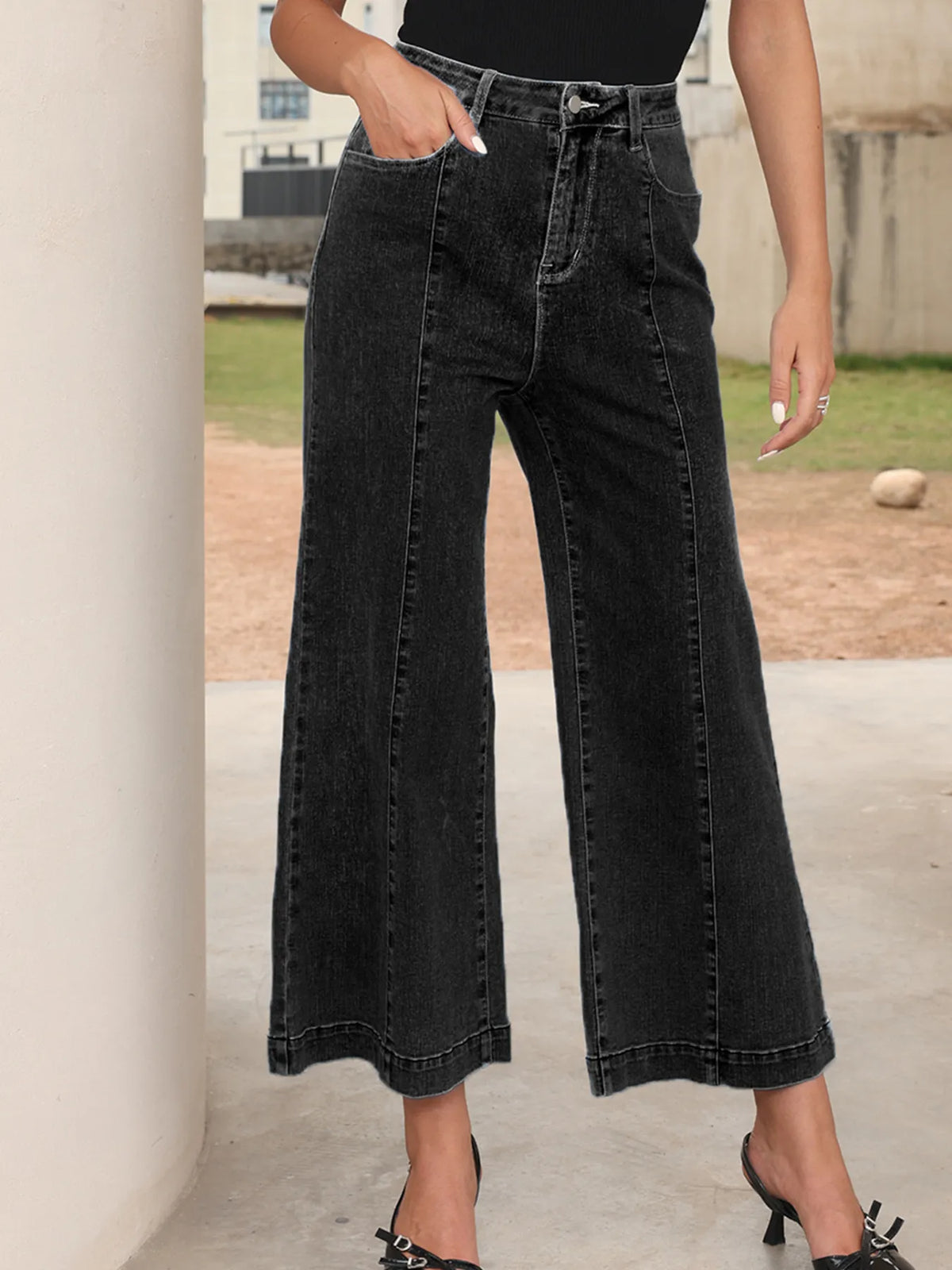 Seam Detail Flared Bottom Ankle Length Jeans - Ladyez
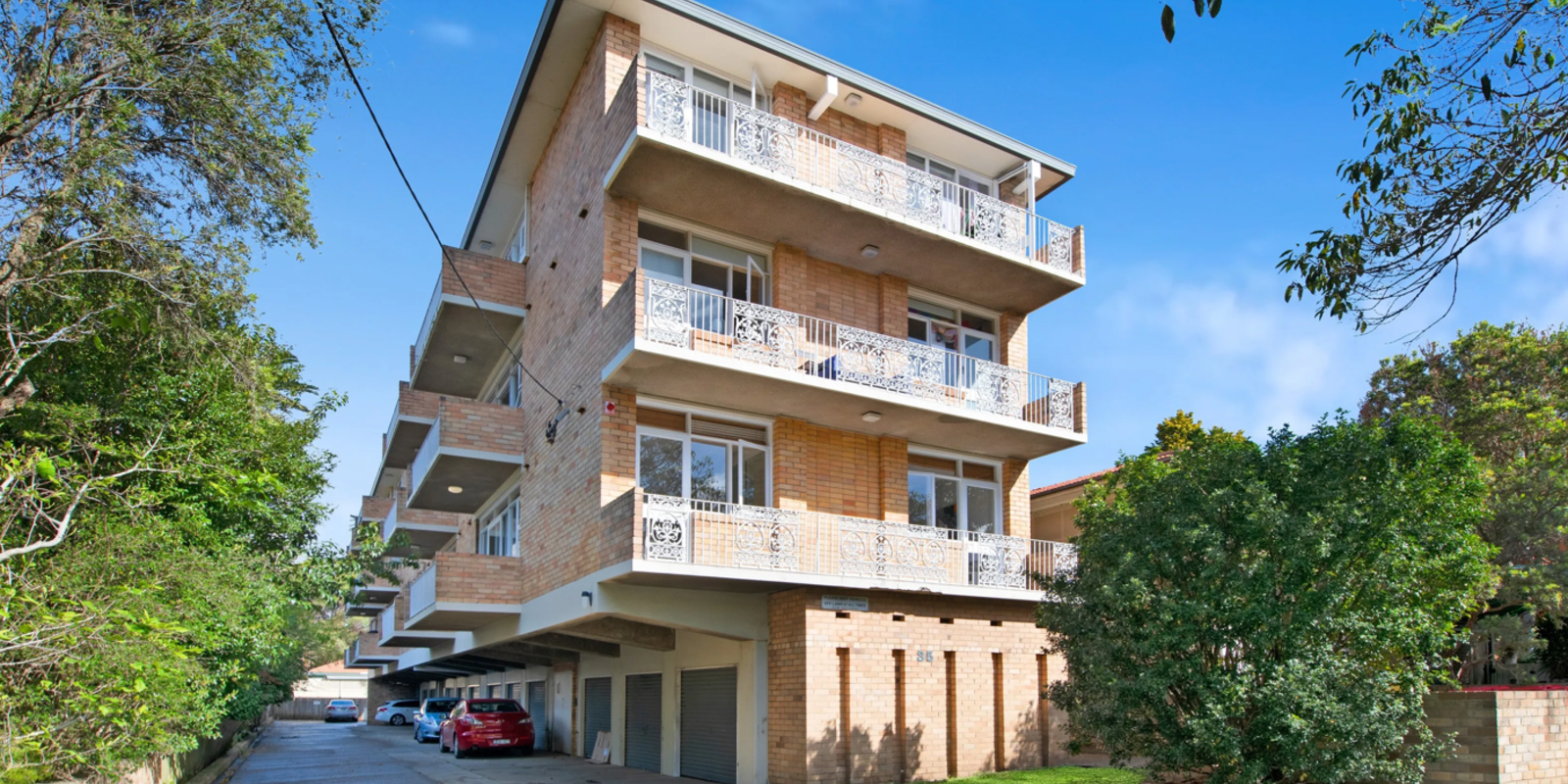 1/35 Orpington Street Ashfield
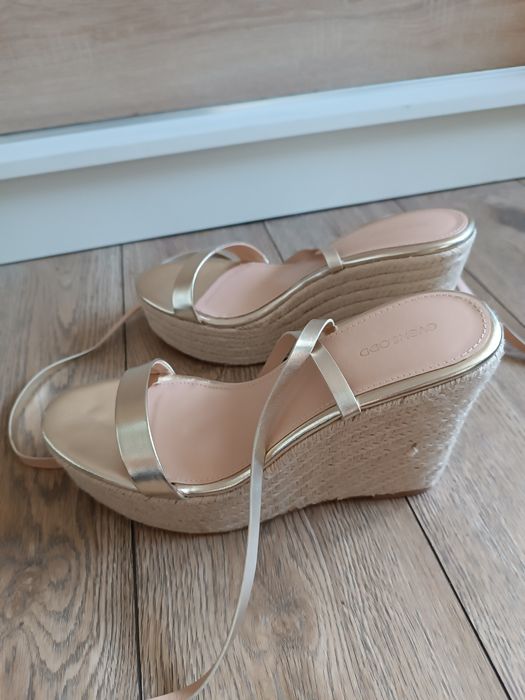 Złote sandały na koturnie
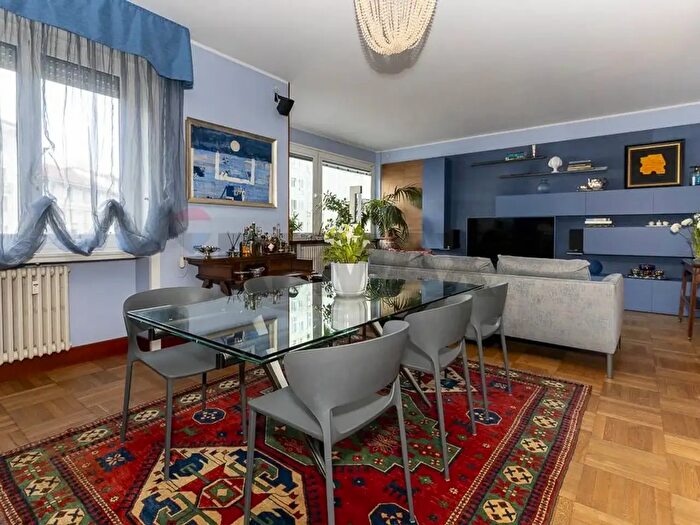 Appartamento con 5 locali in vendita in Via Andrea Doria, Milano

+ + + +

### The problem
Only the text of the listing above should be copied, exactly and with pictures left out.

### Result for this exercise
 Seam Detail Flared Bottom Ankle Length Jeans - Ladyez
 1/35 Orpington Street Ashfield
 Złote sandały na koturnie
 Appartamento con 5 locali in vendita in Via Andrea Doria, Milano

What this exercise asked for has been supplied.